“A comprehensive analysis of WWII’s greatest land battle and one of history’s greatest armor engagements.” —Publishers Weekly
On July 5, 1943, the greatest land battle in history began when Nazi and Red Army forces clashed near the town of Kursk, on the western border of the Soviet Union. Code named “Operation Citadel,” the German offensive would cut through the bulge in the eastern front that had been created following Germany’s retreat at the Battle of Stalingrad. But the Soviets, well-informed about Germany’s plans through their network of spies, had months to prepare. Two million men supported by six thousand tanks, thirty-five thousand guns, and five thousand aircrafts convened in Kursk for an epic confrontation that was one of the most important military engagements in history, the epitome of “total war.” It was also one of the most bloody, and despite suffering seven times more casualties, the Soviets won a decisive victory that became a turning point in the war. With unprecedented access to the journals and testimonials of the officers, soldiers, political leaders, and citizens who lived through it, The Battle of the Tanks is the definitive account of an epic showdown that changed the course of history.

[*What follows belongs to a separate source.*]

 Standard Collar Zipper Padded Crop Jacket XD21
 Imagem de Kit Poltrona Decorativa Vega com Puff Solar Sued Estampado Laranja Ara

“A stellar account of the Battle of Kursk in 1943.” —Booklist
Royal Military Academy historian Clark offers a comprehensive analysis of WWII's greatest land battle and one of history's greatest armor engagements. He blends archival research, participant interviews, and professional insight in presenting the genesis, conduct, and consequences of the Battle of Kursk (German code name Operation Citadel). Particularly effective is his integration of foxhole and tank-crew perspectives with broader discussion of the course of a head-down slugging match that decisively tipped the Eastern Front's balance in favor of a resurgent Red Army. The matrix of German defeat was "Hitler's "confused strategic thinking," which from the beginning set the Wehrmacht too many conflicting missions. But from its inception Operation Citadel was a tactical victory for the U.S.S.R. The Wehrmacht failed to break through the sophisticated Russian defense system and failed to wear down the Red Army's offensive power. Kursk was the German tankers' nadir. The losses of men and armor sustained there rendered it impossible to do more than check locally the measured sequence of attacks that earned the Red Army a decisive strategic triumph on the Eastern Front in less than two years. With this account, Clark (Operation Epsom) confirms his reputation as one of Britain's outstanding scholars of operational military history. Maps.